In parallel, citrus peels serve as a valuable source of bioactive compounds, notably flavonoids, EOs, polyphenols, and dietary fibers, that exhibit antioxidant, antimicrobial, and anti-inflammatory activities. These compounds can be directly applied or encapsulated within nanocarriers to improve their stability, bioavailability, and targeted ability in diverse fields, including pharmaceuticals, nutraceuticals, food packaging, and cosmeceuticals.

Despite the growing body of literature supporting the value of citrus peel-derived nanomaterials and bioactives, several challenges must be addressed to facilitate broader industrial and clinical adoption, including scalability (developing robust, reproducible, and cost-effective green synthesis methods suitable for large-scale NPs production), comprehensive characterization (standardizing protocols for evaluating physicochemical properties such as size, surface charge, stability of the synthesized nanomaterials), in vivo validation (conducting systematic preclinical studies to assess the biosafety, toxicity, and therapeutic efficacy of citrus peel-derived nanomaterials), expanding applications (exploring emerging uses in biosensors, catalysis, energy storage, and smart packaging), and life cycle analysis (implementing full cycling analysis models to assess the environmental and economic sustainability of citrus peel valorization approaches).

The valorization of citrus peel waste offers not only environmental benefits but also economic feasibility.

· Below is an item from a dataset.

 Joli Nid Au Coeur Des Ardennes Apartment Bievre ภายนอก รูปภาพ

Many of the reviewed studies demonstrated the use of simple, cost-effective extraction and synthesis methods, such as ethanol precipitation, hydrothermal treatments, and aqueous extraction, that eliminate the need for costly purification steps. Furthermore, by transforming low- or zero-cost waste streams into functional nanomaterials with high value in biomedicine, packaging, and remediation, these approaches support economically viable circular bioeconomy models.

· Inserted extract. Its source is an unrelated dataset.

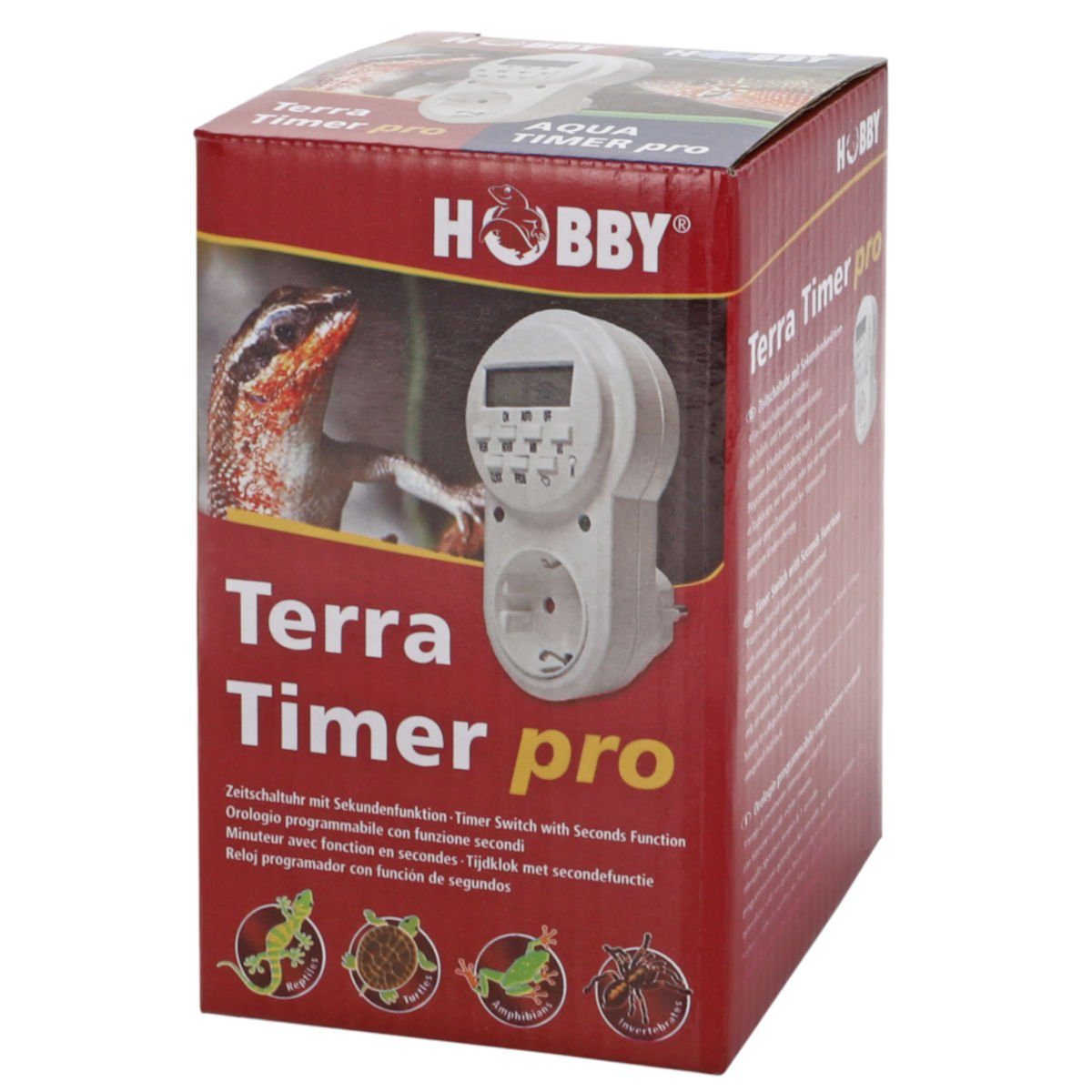 HOBBY Terrarium TerraTimer pro Zeitschaltuhr mit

In conclusion, citrus peel waste presents a viable and underutilized biomass for sustainable material development. Continued interdisciplinary research will be essential for optimizing these processes, understanding long-term implications, and translating laboratory findings into real-world solutions that align with circular economy principles and global sustainability goals.

Conflicts of interest

The authors declare no potential competing interests.

Data availability

No primary research results, software or code have been included and no new data were generated or analysed as part of this review.